Task instructions:
What is the number of lines below that contain the word "Certified"? Give only that number.

Supplied material:
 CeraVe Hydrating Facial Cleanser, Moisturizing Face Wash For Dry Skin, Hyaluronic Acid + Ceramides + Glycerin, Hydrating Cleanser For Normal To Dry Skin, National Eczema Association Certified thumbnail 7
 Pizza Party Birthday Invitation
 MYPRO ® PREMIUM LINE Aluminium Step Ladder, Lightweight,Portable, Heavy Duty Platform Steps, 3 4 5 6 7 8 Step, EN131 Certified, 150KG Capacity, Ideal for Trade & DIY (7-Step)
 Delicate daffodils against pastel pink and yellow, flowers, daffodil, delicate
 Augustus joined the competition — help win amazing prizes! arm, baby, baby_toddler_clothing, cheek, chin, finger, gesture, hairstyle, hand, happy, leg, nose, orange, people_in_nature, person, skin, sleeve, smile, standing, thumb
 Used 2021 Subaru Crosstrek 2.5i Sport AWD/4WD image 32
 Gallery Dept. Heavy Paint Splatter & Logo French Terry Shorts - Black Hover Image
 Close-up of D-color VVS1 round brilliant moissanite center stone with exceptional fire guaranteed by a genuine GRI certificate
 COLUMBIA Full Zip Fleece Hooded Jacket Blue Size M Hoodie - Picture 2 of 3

Exercise result:
2